Well that does not actually answer my question. What services? Water, electricity and basic services like that are paid for and not more expensive for temporary residents. Police maybe? Do temporary residents require more police involvement? You are implying you have an answer to my question and maybe you do. I would like to hear it.
> Raising the cost of housing stock
No, this is not a cost imposed on others, because that is not what imposed means. If you want to buy housing you are free to do that and so are others. If you want to prevent other from competing with you, that is asking them to subsidize you.
> Well that does not actually answer my question. What services? Water, electricity and basic services like that are paid for and not more expensive for temporary residents. Police maybe? Do temporary residents require more police involvement? You are implying you have an answer to my question and maybe you do. I would like to hear it.
...seriously?
1) Shifting tax burden onto residents and legally operating hotels. By evading things like the hotel tax, the per-tourist revenue goes down.
2) Who do you think owns the airports and all the other infrastructure transportation? Hell, La Guardia had a 50 year old control tower before they started on the new one.
3) What do you think pays for all the additional safety regulations and inspections for transient residents? [e.g. Fire codes for housing them are different than a residence.]
> No, this is not a cost imposed on others, because that is not what imposed means. If you want to buy housing you are free to do that and so are others. If you want to prevent other from competing with you, that is asking them to subsidize you.
Effectively breaking the zoning rules [hotels are zoned differently than residential] is an imposition.
I think the underlying issue here is you don't care if it has negative economic effects on other people or the city government because "free market".
1) Tax burned is a cost imposed by the government, presumable to cover the cost of externalities. I am not trying to be a jerk when I say I would like to hear what externalities you are thinking about here.
2) This might actually be a real answer. Assuming of course that airports operate at a loss and recoup that loss with things like hotel tax.

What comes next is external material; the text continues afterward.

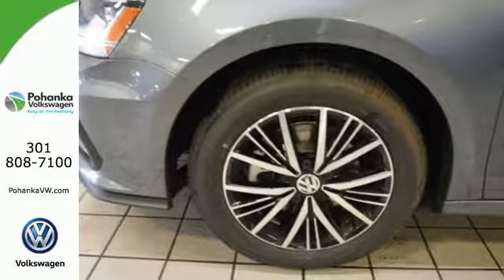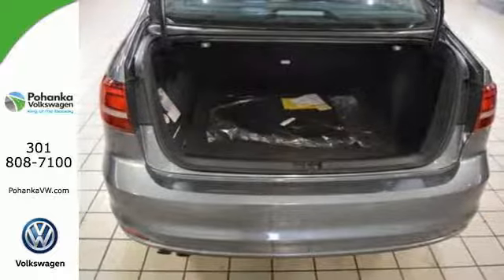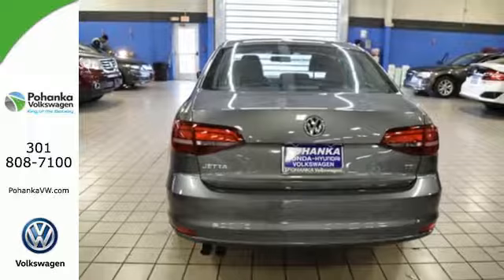Yeah, this Jetta is the perfect choice. And that's not the only thing that lasts — the fuel efficiency of this Jetta allows you to keep going and going. Add this Jetta to your life today.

3) Safety regulations are not a cost imposed by Airbnb and illegal hotels tend not to have extra inspections.
Zoning rules are again, not imposed by Airbnb. They are imposed by the government presumably to cover some externalities. I can't figure out what those unnamed externalities are, so I asked.
> I think the underlying issue here is you don't care if it has negative economic effects on other people or the city government because "free market".
Again, no. When someone complains about negative effects, but fails to mention what they actually are I think it is perfectly reasonable to ask what those negative effects are.
What costs are being socialized by Airbnb?